Abstract

Majorana boundary quasiparticles may naturally emerge in a spin-singlet superconductor with Rashba spin-orbit interactions when a Zeeman magnetic field breaks time-reversal symmetry. Their existence and robustness against adiabatic changes is deeply related, via a bulk-edge correspondence, to topological properties of the band structure. The present paper shows that the spin-orbit may be responsible for topological transitions when the superconducting system has an underlying sublattice structure, as it appears in a dimerized Peierls chain, graphene, and phosphorene.

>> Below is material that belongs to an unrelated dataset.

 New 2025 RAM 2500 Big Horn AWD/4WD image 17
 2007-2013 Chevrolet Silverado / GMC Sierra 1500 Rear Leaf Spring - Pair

These systems, which belong to the Bogoliubov--de Gennes class D, are found to have an extra symmetry that plays the role of the parity. It enables the characterization of the topology of the particle-hole symmetric band structure in terms of band inversions. The topological phase diagrams this leads to are then obtained analytically and exactly. They reveal that, because of the underlying sublattice structure, the existence of topological superconducting phases requires a minimum doping fixed by the strength of the Rashba spin orbit. Majorana boundary quasiparticles are finally predicted to emerge when the Fermi level lies in the vicinity of the bottom (top) of the conduction (valence) band in semiconductors such as the dimerized Peierls chain and phosphorene. In a two-dimensional topological superconductor based on (stretched) graphene, which is semimetallic, Majorana quasiparticles cannot emerge at zero and low doping, that is, when the Fermi level is close to the Dirac points. Nevertheless, they are likely to appear in the vicinity of the van Hove singularities.